Sewer inspections are a must for anyone buying a home. When purchasing an older home, a thorough sewer line inspection is even more critical.
Sewer lines in older homes may be riddled with actual or potential problems. To prevent a future headache or emergency, inspections should be done before the purchase, not after.
If you’re considering buying an older home, this inspection should be at the top of your list. To learn more about why a sewer inspection is a must before buying, read on.
If you’re buying a house that’s more than twenty years old, it’s considered an older home. There are several factors that can cause older sewer lines to fail. Some of these are external, while some involve the structure and integrity of the construction materials of the sewer line itself.
Over time, issues affecting the sewer line can accumulate and add up to failure. Replacement and repair are costly, so you’ll need to know exactly what you’re getting into should you decide to move forward with your home purchase.
The sewer lines of older homes may not affect line performance at the time of purchase. However, cracks, holes, pipe separation, and tree root intrusions will almost certainly result in future backups and leakage when unaddressed.
The only way to protect yourself in a buying situation is to have a sewer lateral inspection. This inspection thoroughly investigates the entire length of your line, known as the lateral, from the home all the way to the city main connection.
What issues might cause sewer line trouble? There are many factors that can play a role in sewer line failure in older homes.
Trees are slow-growing but extremely destructive when it comes to sewer lines. This is especially so in older homes where trees have been growing for many years. This allows time for root growth and expansion.

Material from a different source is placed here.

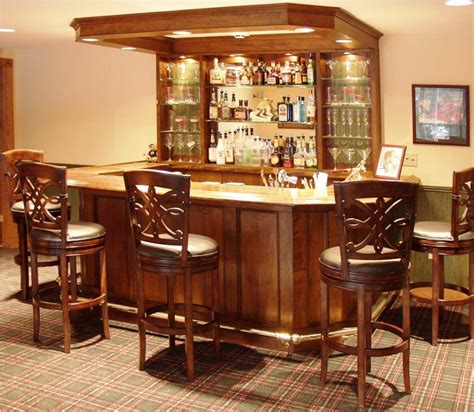 Easy financing · outdoor games 20 Mini Bar designs for your home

Tree roots work their way into small openings or compromised areas of sewer lines and expand over time. A sewer line is usually tree root-friendly inside, offering moisture and plenty of waste products for nutrients.
The root expansion makes tiny openings into larger ones. This leads to leaking, pipe separation, and potential future sewer line collapse. The root may also grow large enough to collect debris and block the line entirely.
Many older homes have sewer line parts that were constructed from concrete or clay. These materials are especially susceptible to cracking, allowing easy access for tree roots.
Sewer line damage caused by tree roots requires expensive excavation to clear away roots and repair or replace problematic areas.
Problematic tree roots generally can’t be found by an above-ground visual inspection. Plumbers perform a sewer scope inspection to go inside the line and find areas of concern.
These inspections take about an hour to complete. During the inspection, a small video camera is inserted into the sewer line through the sewer cleanout. This cleanout may be located outside, in the crawlspace, or in the basement of the home.
Scoping is done from the location of your cleanout all the way to the main line. This sewer camera can easily find hidden blockages from tree roots. The camera operator will be able to spot the exact location of the damaged area and can then mark it at the surface.
Root intrusion only worsens over the course of many years. A pre-purchase inspection alerts you to current or potential tree root issues with the home’s sewer line.
If the home you’re interested in buying is very old, it may have been built before the city’s sewers were put in place. These homes originally had their plumbing directed to a cesspool. Cesspools are concrete, cement, or brick-lined pits that serve as underground storage containers for sewer waste.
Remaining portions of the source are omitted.